消費者として過剰ターゲットされていないのは、スーパーやドラッグストアに行けばわかります。馴染みのブランド商品が整然と並んでいるだけで、目新しさがありません。新商品は少なく、あっても目立たないので気づきません。価格訴求も効果がないのか、値段は黒字で小さく書いてあるのが一般的です。手書きのポップも派手な店内アナウンスもありません。

一方で、ビオやビーガンの認証表記が統一されていたり、プラスチックなしの包装が増えているなど、環境意識の高い人が選択肢を選びやすいマーケットになってきています。

声の大きい企業に商品を買わされるのではなく、自分が支持する方向性を消費行動を通して企業に伝えていく場になっているように感じます。

誰かのために物を作ることと、その人を幸せにすること

私自身、日本で11年、企画・デザイン畑で働いてきました。自分を含む身近な日本人が求めているものを必死に考え、新しい価値あるものを作り出すことで、人を幸せにするんだと信じてきました。商品の良さを伝えるためのパンフレット作りにも積極的に関わってきました。

でも今は「もしかしたら自分の過去の仕事が、誰かを不幸にしてきたところが少しはあったかもしれない」と思うようになりました。

マーケティング的には、人に何かを「欲しい」と思ってもらうためには、その人に足りないところ、劣っているところ、不便なところを認識させる必要があります。

例えば、TV で「年齢と共に増えるシミ!シワ!どうにかならないかな〜と思いますよね?!」と言われると、気になってなかったのに気になってきます。そこで「新商品のこのクリームが効きます!」と言われると食いつきたくなるわけです。

一見、困ってる人に助け舟を出しているように見えますが、本当にそうでしょうか。シミシワを気にしていなかったときの方が、その人はいい表情で笑えていたかもしれません。そのクリームがどれだけ効こうと、老化によって増えてくるシミシワを全く無くすことなどできません。その広告は「シミシワは恥ずべきものである」という劣等感をばら撒くことでもあるのです

広告費が増えると国民の生活満足度が下がる?!

実際に、スイスの保険会社が行った調査研究では、広告費が増えると生活満足度が下がるという結果が発表されています。

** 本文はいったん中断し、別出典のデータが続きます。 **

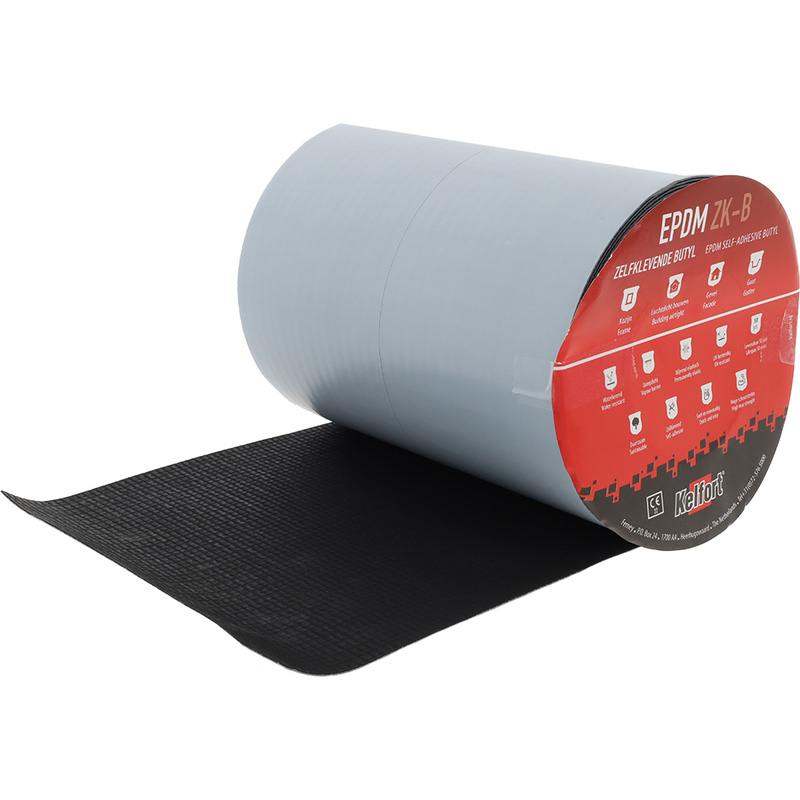 Kelfort / Kelfort EPDM Folie zwart zelfklevend-butyl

”研究チームは、27カ国90万人を対象にして1980年から2011年にかけて行われた調査データを無作為サンプリングして使用。データの分析結果から、広告支出が増加すれば国民の生活満足度は下降し、反対に広告支出が減少すれば国民の生活満足度は上昇することが明らかになっています。この傾向は、GDPや他の変数(失業率・社会経済的特性など)の増減とは相関関係がないことも証明されています。
(中略)仮に広告費が倍増すると、国民の生活満足度は3%も低下するとのこと。これは結婚が生活満足度に与える影響の約半分、失業が生活満足度に与える影響の約4分の1だそうです。”(引用元:https://gigazine.net/news/20190529-major-human-dissatisfaction/)

photo by Zack Marshall


時代に合った新しいサービス・プロダクトが人々を幸せにすることは疑いません。ただ、人々が本当に必要とするサービス・プロダクトは、過剰に広告費をかけることなく受け入れられていきます。過剰に広告しなければ商品が売れないほど飽和している市場に対して、更に消費させようと迫ることのデメリットが示されているのだと思います。

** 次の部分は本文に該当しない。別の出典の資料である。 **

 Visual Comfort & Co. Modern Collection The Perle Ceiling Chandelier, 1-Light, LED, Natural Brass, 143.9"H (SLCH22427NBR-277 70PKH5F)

一つの職場、関係性の中でものづくりに没頭しているとどうしても、それが本当に人々に必要とされているのかが見えにくくなってきます。でも、コロナで働き方が変わり、職場と距離が取れるようになったことで、一歩引いた視点で冷静な判断がしやすくなるはずです。そう考えると、これから日本が明るく変わっていける希望の光を感じます。

「消費は善」の呪縛から解放されよ

ドイツの暮らしでは、消費できる時間が限定され、消費から解放されているからこそ、子供が見え、地域が見え、長期的な幸せと目指すべき方向性が見えやすいと感じます。ドイツの環境意識が高かったり、子供の好きな人が多かったりするのは、国民全員が持つこの「暇な時間」に起因するのではないかと思います。

消費でも、労働でもない時間。その時間で正面から自分と向き合って、人は徐々に強くなっていけます。環境に溢れる「消費は善」というメッセージは、次のステージに向かおうとする、すでに満たされた人々の視界を曇らせてしまいます。

「もう消費しなくていいんだよ。消費しない時間と向き合っていいんだよ」

日本で違和感を感じていた若かりし自分と、似たような思いを抱えている人に伝えたい言葉です。そして違和感を感じていた時間で、身体を鍛え、英語を勉強して欲しい!
外の世界には真面目で勤勉な日本人の仕事を必要とする人がたくさんいるから。